» **WHAT THE EXERCISE ASKS**
Print out the data precisely as it appears here, with no pictures.

_ _ _ _

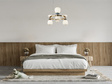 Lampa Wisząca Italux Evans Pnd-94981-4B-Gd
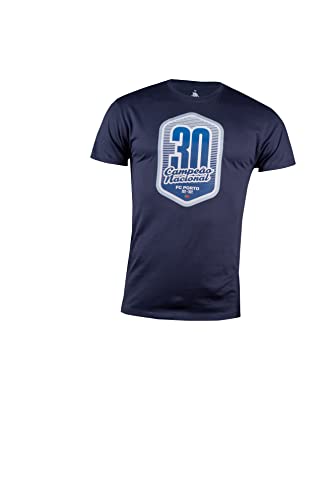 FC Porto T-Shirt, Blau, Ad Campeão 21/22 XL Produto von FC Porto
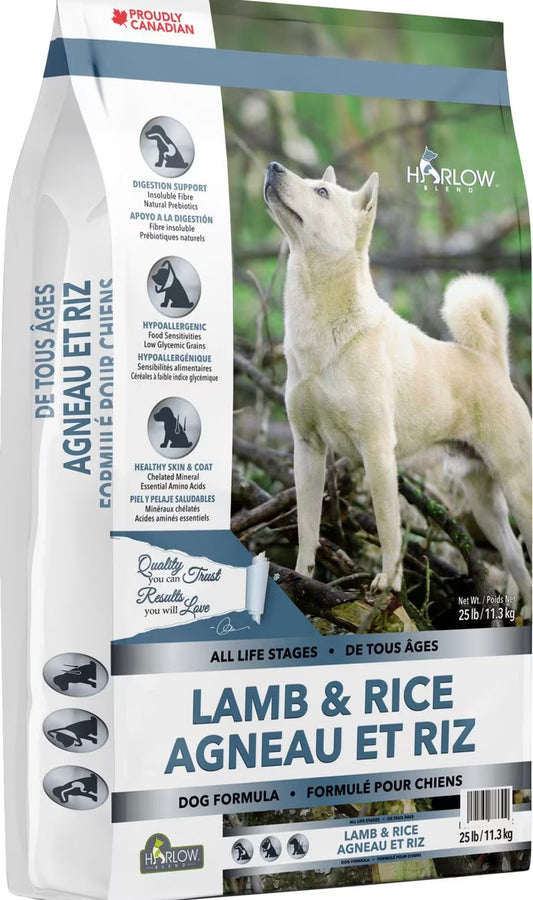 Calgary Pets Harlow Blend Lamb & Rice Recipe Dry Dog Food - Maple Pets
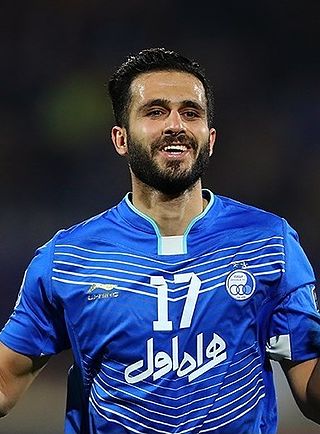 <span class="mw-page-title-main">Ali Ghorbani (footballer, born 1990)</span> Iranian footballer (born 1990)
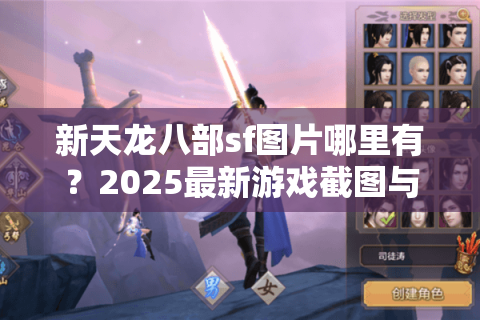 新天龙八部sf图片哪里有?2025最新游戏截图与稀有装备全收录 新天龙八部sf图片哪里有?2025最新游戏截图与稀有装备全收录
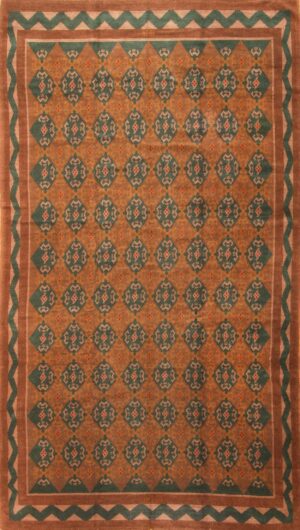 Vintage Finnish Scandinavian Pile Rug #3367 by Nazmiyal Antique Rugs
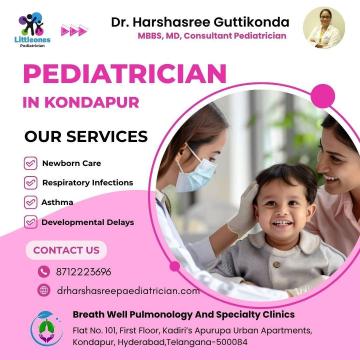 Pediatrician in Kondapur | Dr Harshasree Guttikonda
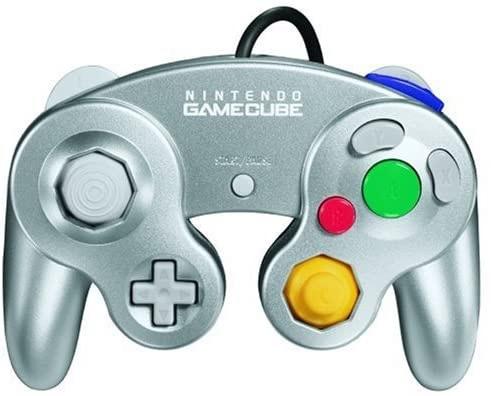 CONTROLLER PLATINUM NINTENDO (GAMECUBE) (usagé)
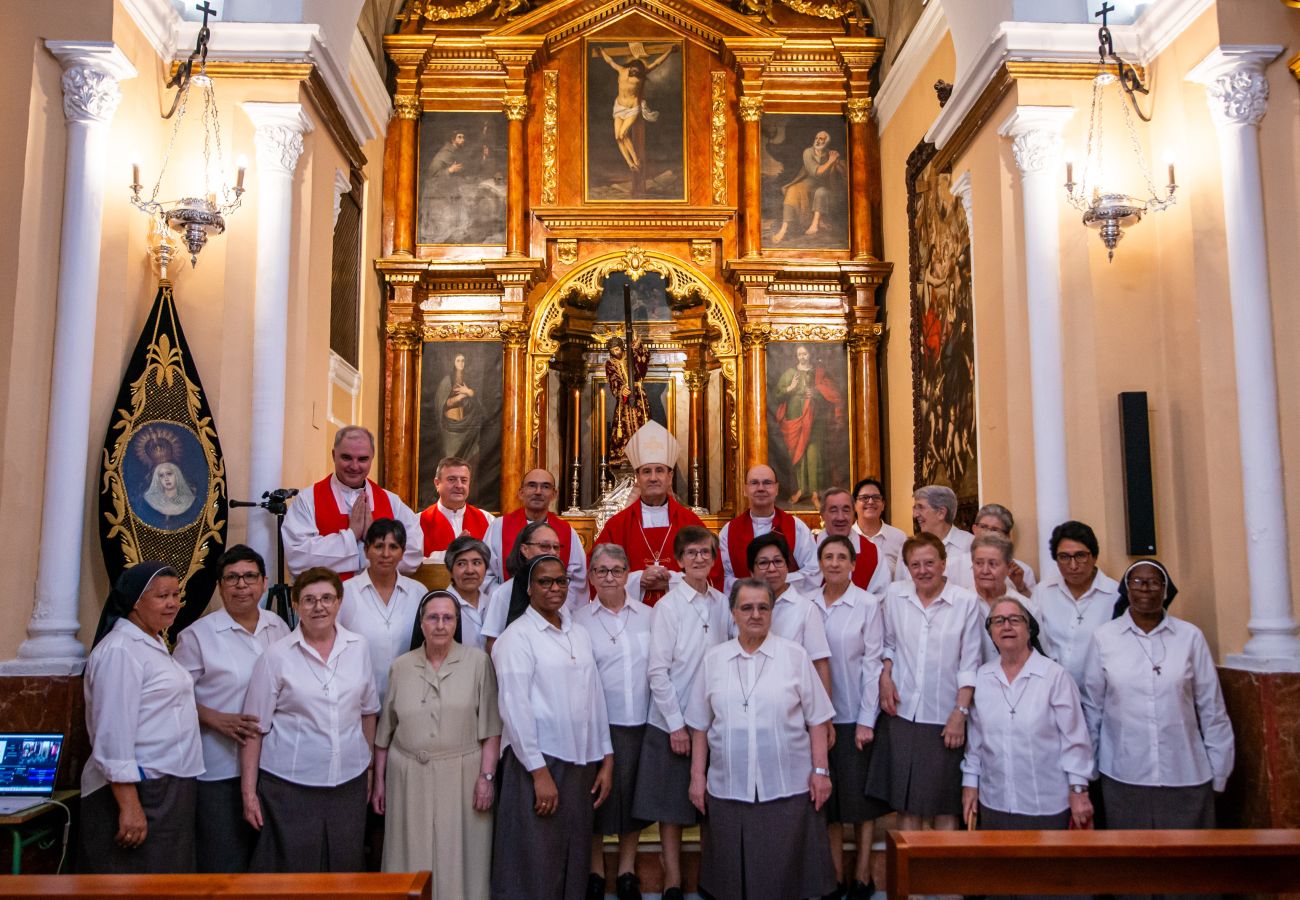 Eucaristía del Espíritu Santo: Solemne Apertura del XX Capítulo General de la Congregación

_ _ _ _

» **TASK RESPONSE**
 Lampa Wisząca Italux Evans Pnd-94981-4B-Gd
 FC Porto T-Shirt, Blau, Ad Campeão 21/22 XL Produto von FC Porto
 Calgary Pets Harlow Blend Lamb & Rice Recipe Dry Dog Food - Maple Pets
 <span class="mw-page-title-main">Ali Ghorbani (footballer, born 1990)</span> Iranian footballer (born 1990)
 新天龙八部sf图片哪里有?2025最新游戏截图与稀有装备全收录 新天龙八部sf图片哪里有?2025最新游戏截图与稀有装备全收录
 Vintage Finnish Scandinavian Pile Rug #3367 by Nazmiyal Antique Rugs
 Pediatrician in Kondapur | Dr Harshasree Guttikonda
 CONTROLLER PLATINUM NINTENDO (GAMECUBE) (usagé)
 Eucaristía del Espíritu Santo: Solemne Apertura del XX Capítulo General de la Congregación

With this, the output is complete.